Я приходила четыре раза. На одной из встреч мы проиграли кульминацию фильма — сцену в тамбуре, где Люба решает застрелить отца. Готовилась к ней две недели, потому что как только начинала читать текст, душили рыдания. Хотя никогда не жила в детском доме и не испытывала похожих эмоций, представить, что творится в душе героини, могла. Ведь детский дом был через дорогу от дома моих родителей. Помню, идем мимо с мамой и старшим братом, о чем-то разговариваем. Здание такое типовое, буквой «Н», с огромными окнами. Поворачиваю голову и вижу, что дети стоят на подоконниках и во все глаза смотрят на нас. Такие тоска и боль были у них на лицах! Они отчаянно завидовали: увидели счастливую семью — то, чего сами лишены в своей жизни...

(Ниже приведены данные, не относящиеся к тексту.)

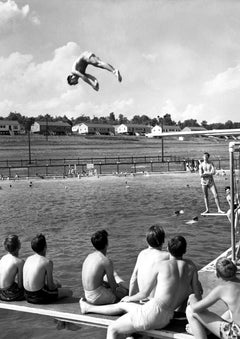 Poolside Oak Ridge Vintage Photographic Print (1947). A diver hangs in the air while friends watch from the poolside in Oak Ridge, 1947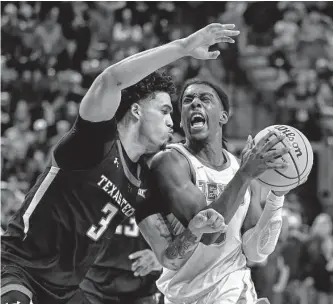  ?? Justin Rex/associated Press ?? D’maurian Williams, left, and Texas Tech have won some impressive games after a poor start in Big 12 play, the latest being Monday’s victory over Marcus Carr and Texas in Lubbock.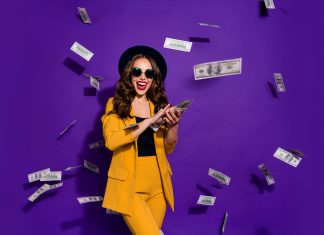 Dream Come True: How to Have Fun and Make Money Portrait of her she nice attractive cheerful cheery positive trendy luxury wavy-haired lady throwing 100 hundred million expenses isolated over bright vivid shine violet lilac background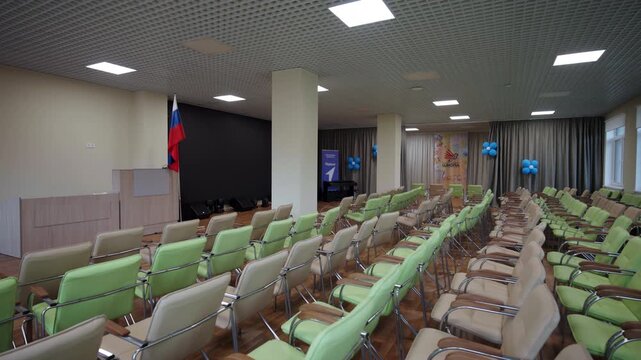Russian national flag near podium in empty school event hall. Rows of cozy seats prepared for visitors in large school auditorium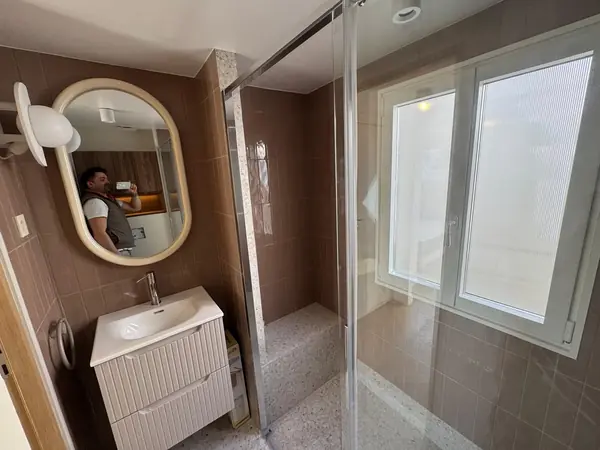 Salle d’eau avec miroir ovale et paroi vitrée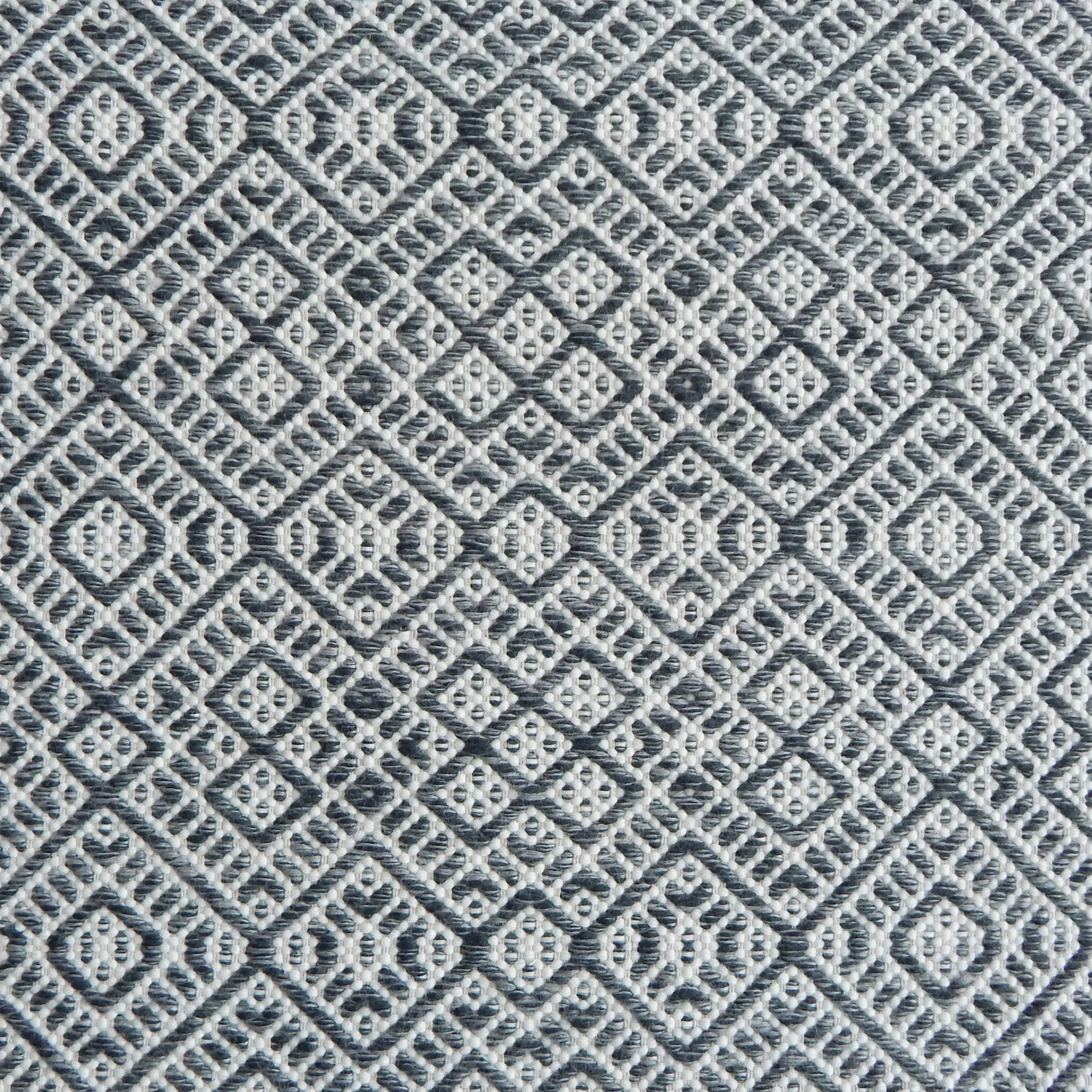 Flatweave rug with an intricate diamond pattern in white and charcoal grey.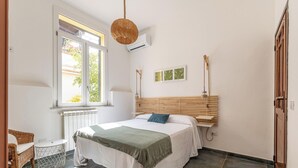 Une chambre à coucher comprenant un lit, une fenêtre, un radiateur, une lampe suspendue et une étagère fixée au mur.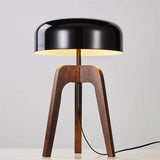 Walnut tripod lamp with black dome shade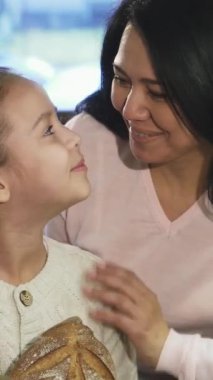 Işıl ışıl, olgun bir Asyalı kadın ve sevimli küçük kızı ışıl ışıl gülümseyip, enfes hamur işleriyle dolu canlı bir fırının önünde başparmaklarını kaldırıyorlar. Bu yürek ısıtan an güzellikle neşeyi özetliyor.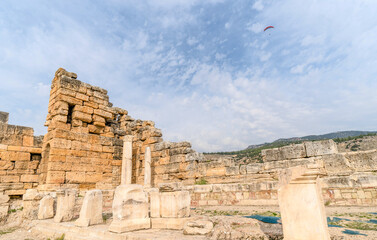 A tourist paraglider is flying over the ruins of the ancient holy city hierapolis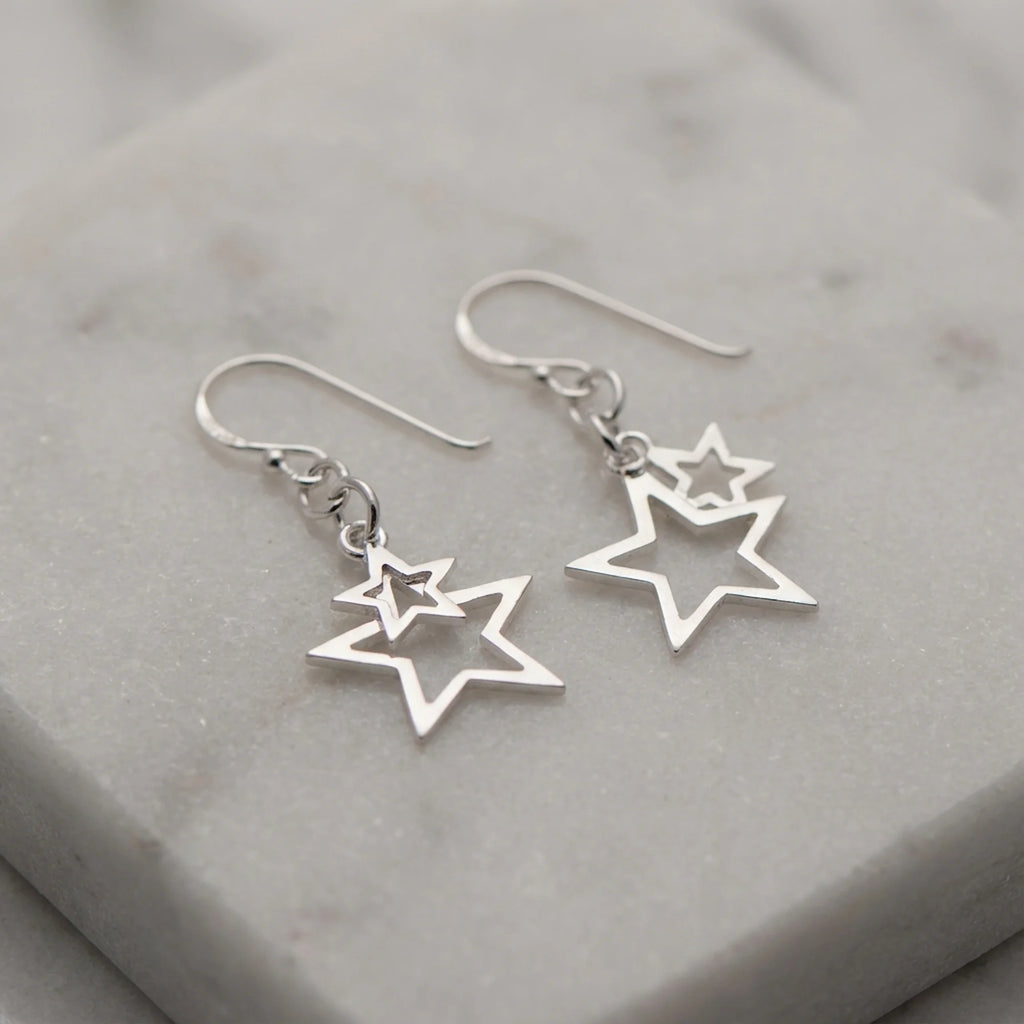 Nested double star drop earrings in 925 sterling silver with pure-silver plate resting on marble, available in Dubai.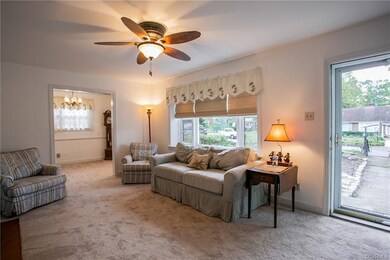 Living Room w/ New Carpet over hardwood.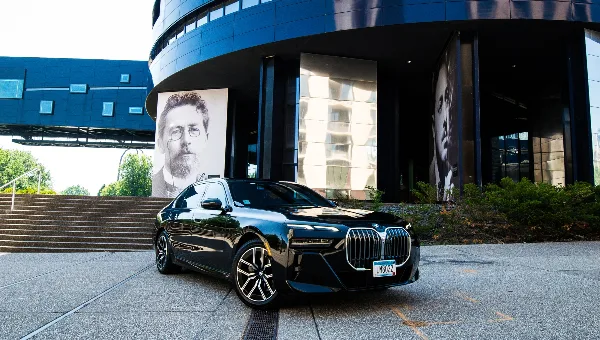Black luxury sedan parked in front of a modern building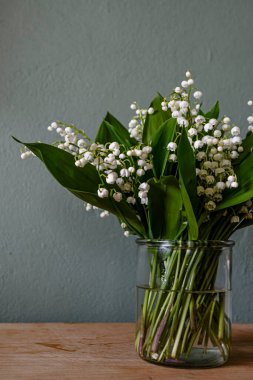 Vadinin güzel zambakları, gri ahşap arka planda yeşil ve leylak çiçekleri..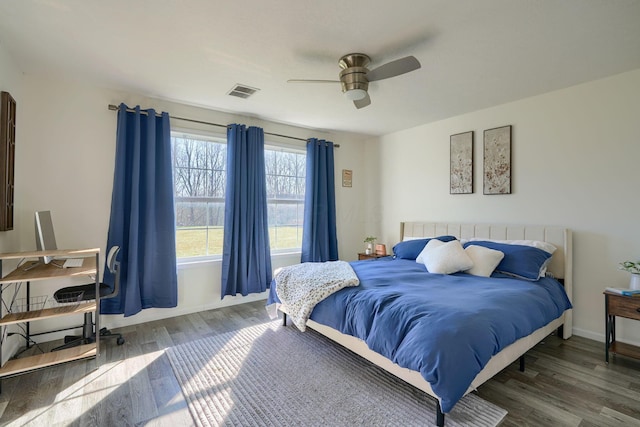 bedroom featuring dark hardwood / wood-style floors and ceiling fan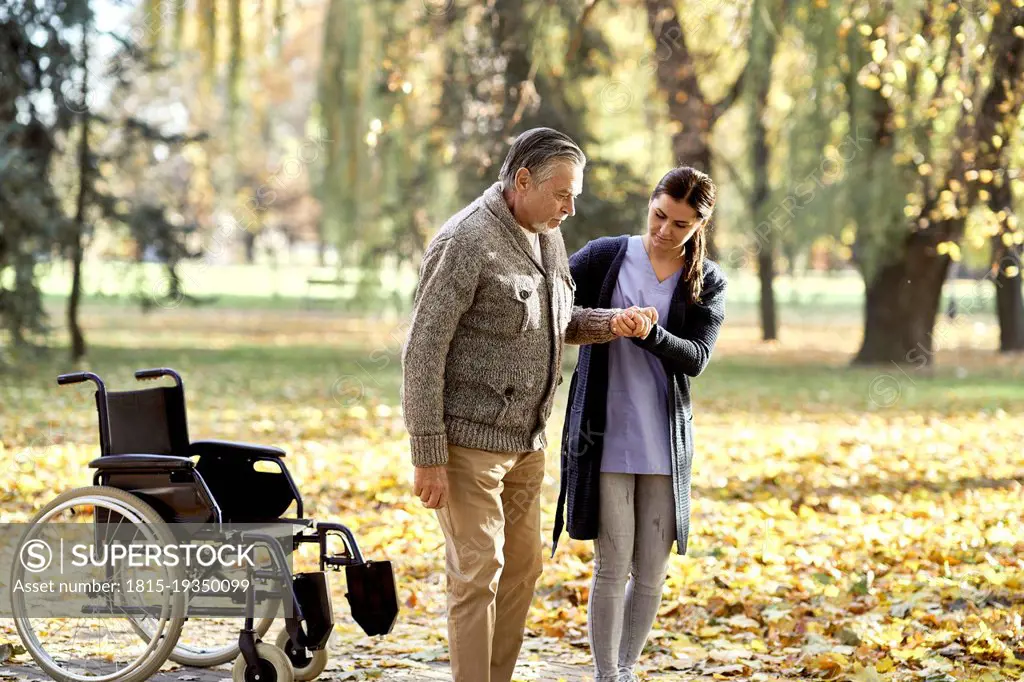 Healthcare worker helping senior disabled man walking at park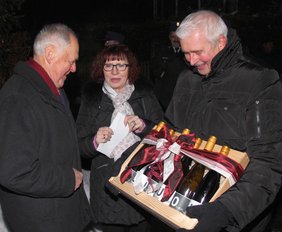 Rathausmitarbeiter Dieter Klotz und Bürgermeisterin Margareta überreichen dem Jubilar Bernhard Feil ein Weinpräsent.
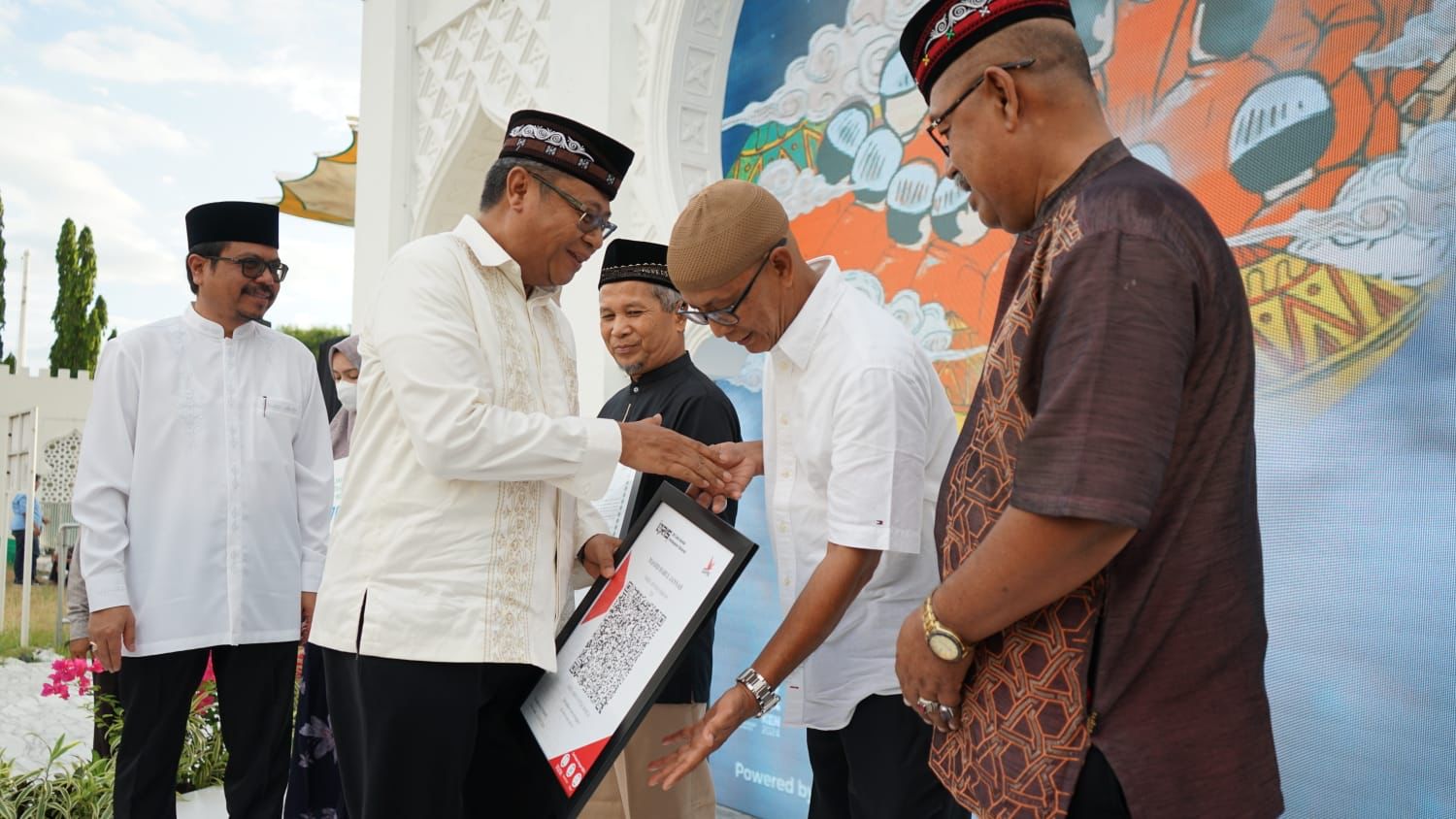Kepala Perwakilan BI Provinsi Aceh, Rony Widijarto saat menyerahkan Qris kepada pengurus Masjid kepada Pengurus Masjid Babul Jannah. (Foto: For Nukilan)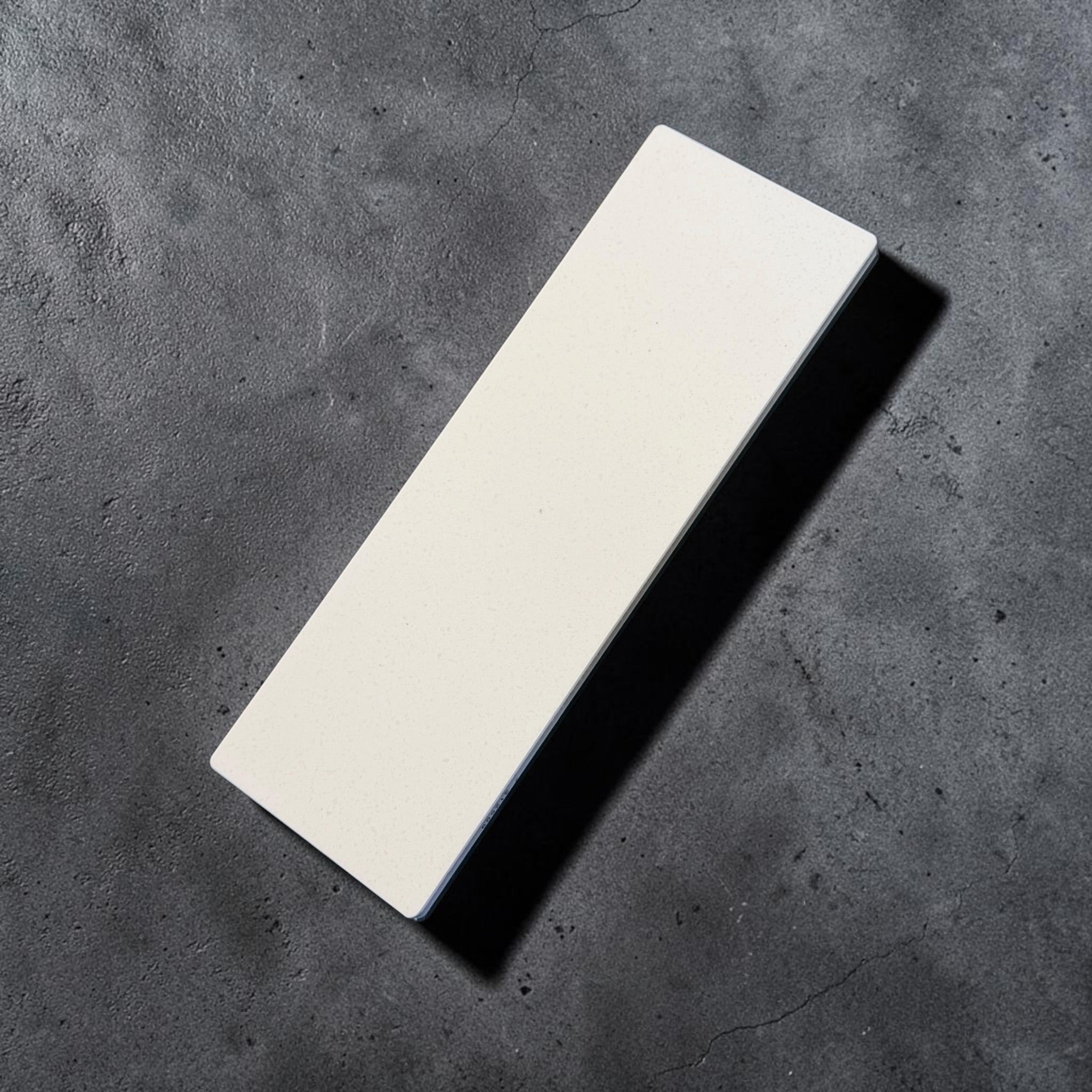 Shapton GlassStone 500 grit ceramic whetstone top surface on dark background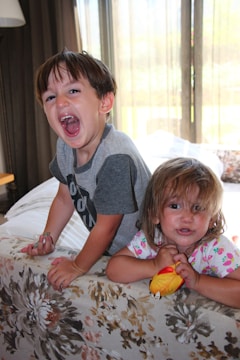 Two children are playfully interacting indoors. The child on the left is laughing energetically, while the child on the right is holding a colorful toy and looking towards the camera. They are leaning on a floral-patterned piece of furniture with sunlight streaming through glass doors in the background.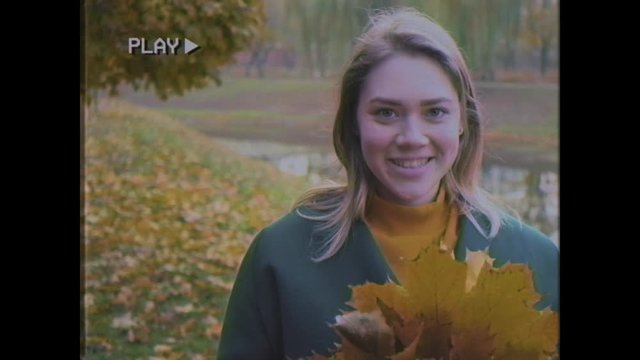 Young woman walks in the autumn park. Cheerful woman with blond hair in a green coat walks on the yellow leaves. Girl with a bouquet of leaves in her hands. Old video. Home video archive. Family video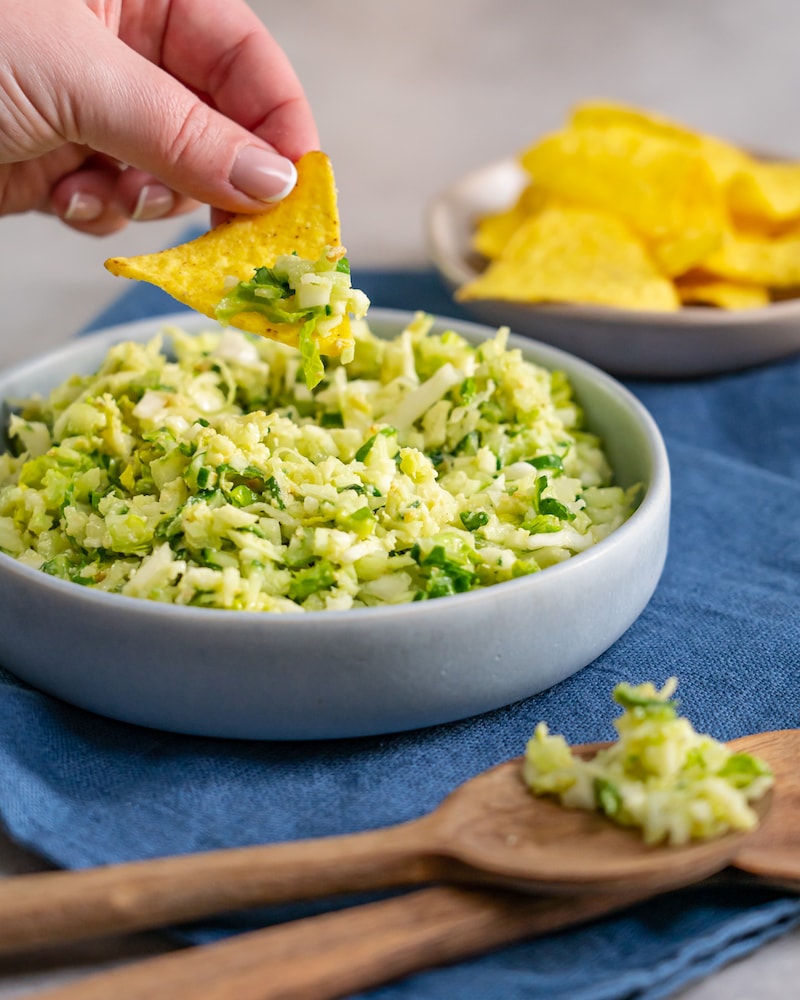 Dieses Bild zeigt wie der Salat mit einem Nacho gegessen wird.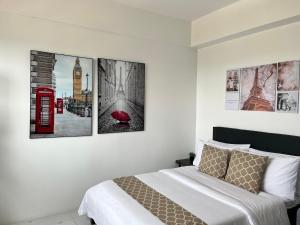 ein Schlafzimmer mit vier Bildern an der Wand in der Unterkunft Luxee Haven in Manila + 13 Fotos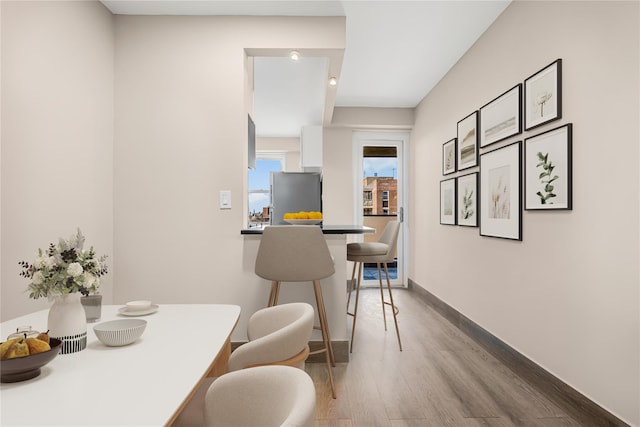 dining area featuring baseboards and wood finished floors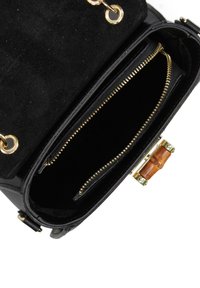 Borsa nera con pattina in suede, scomparti con zip, accessori in metallo dorato e chiusura in legno. Texture liscia e design strutturato.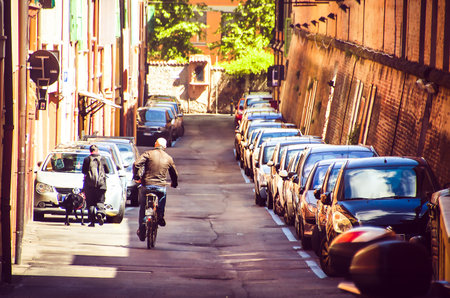 Bologna, Italy, April 25 2016: bald man cross street with bicycle alongside a row of parked carsのeditorial素材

Когда готовилась к роли Любы, отчетливо вспомнила эту картинку из детства. Посмотрела много документальных фильмов о сиротах и трудных подростках, читала статьи, их дневники, письма. Перед съемками меня подстригли, гламурная прическа превратилась в провинциальную и дешевую. Помогло и то, что у меня от природы не хватает мочки уха. В кадре это выглядит как зажившая рана. У меня не идеально ровные зубы — все играло на образ Любы.
Я хотела понять, как эти дети мыслят, что чувствуют. И осознала: у них на первом месте желание выжить. В их жизни нет времени подумать — или мгновенно отвечаешь на вызов, или будешь забитым и раздавленным. Моя героиня всегда отвечает и по любому поводу взрывается. Но признаюсь: не сразу получилась на пробах и сцена драки Любы с подругой. Жертвой поначалу выглядела я, а не она. Натурально и зло ударить партнершу было сложно.
Я представила историю своей Любы с самого раннего детства. И поняла, почему она так одержимо хочет найти отца. Для нее это главный смысл, опора ее существования. За два месяца я прожила ад, который детдомовские дети проносят через всю жизнь.